The word frequently used in Japan for heart is kokoro.  It means heart, the same way it does in English, with the nuance of spirit, strength, essence.  Just as we might say someone has a lot of heart or we are getting to the heart of the matter, in Japan you might use kokoro to express a similar feeling.

The question was important to me for many reasons, not the least of which is my own desire to explore kinbaku at a level that fulfills me at a deeper level.  So asking this question: “What is the heart of kinbaku?” was something I was hoping to answer for myself but also something I was hoping I could share in my teaching and workshops with students.

When I got to Japan, I asked a number of people the question and I was answered with the kind of responses that makes one think I was not being completely understood.  Either I had asked one of those questions that is so deep and profound that answering it is impossible (such as “what is the meaning of life?”) or I was asking a question that didn’t make a lot of sense to the people who were trying to answer it.  I hoped it the was the former, but suspected it was the latter.

The responses varied across the board, but they were all fundamentally unsatisfying.

Until I came to a stark realization a few weeks later.  What if I was asking the wrong question?

As I began to reflect on the answers I got, I came to realize that perhaps I had framed the question in the wrong terms.  

Asking a bakushi “what is the heart of kinbaku?” is like asking an artist, “what is the heart of a paintbrush?”  Kinbaku itself has no “heart” to speak of, but is only an instrument for the expression of the hearts of those who tie and are tied.  

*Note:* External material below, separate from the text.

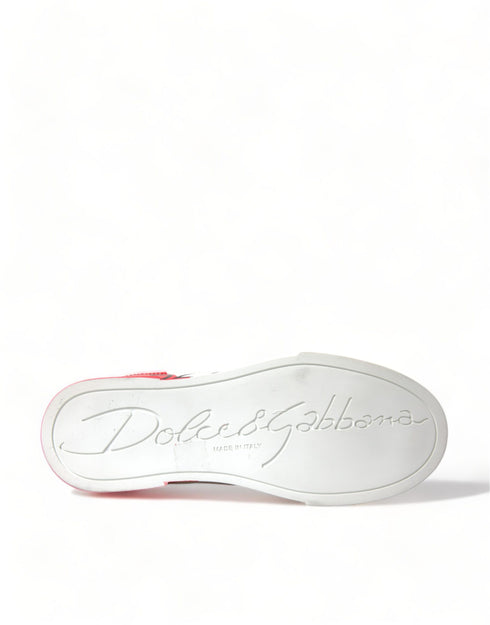 Dolce & Gabbana Portofino Sneakers Shoes – White & Red Leather Low Tops for Women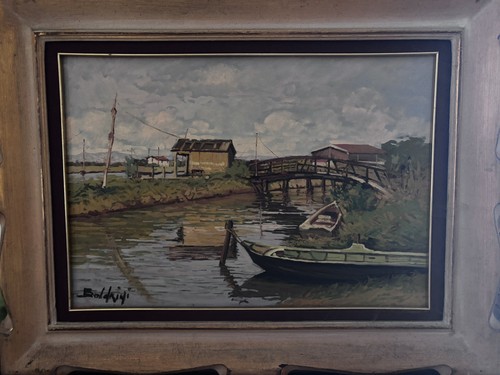 Dipinto olio tela - su, paesaggio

With that shift in perspective, the answers I received became much more clear.  If kinbaku is a tool for the expression of one’s own heart and a means to find and open the heart of another then asking about its heart doesn’t make very much sense.

There is something uniquely human about shibari and kinbaku.  For me, that is emotional connection, that is heart.  Every heart is, of course, different and every tie is a different expression of one’s heart.

Kokoro is not, and can never be, in the rope or in the tie or in the technique.  Kokoro is in the people who are engaging, communicating, and sharing themselves with each other, not the rope or technique.

In the West, it seems, that we all too often spend our time giving classes, workshops, and lectures on the tools, with not enough understanding of why we are using them.

While a paintbrush is an essential ingredient in creating a great work of art, it is no more than the vessel or tool that the artist uses to communicate something inside him or herself and share it with others.  

Perhaps the most important lesson from this trip to Japan for me was that the heart of kinbaku doesn’t reside in rope, our teachers, or Japan.  It resides in each and every one of us.  It was with me all along.  It took a trip to Japan, 5000 miles away, to finally understand that my kokoro is always with me, no matter where I go.  The hard part, the journey, is discovering it in yourself and learning to use your rope, your ties, and your skills to share it with another.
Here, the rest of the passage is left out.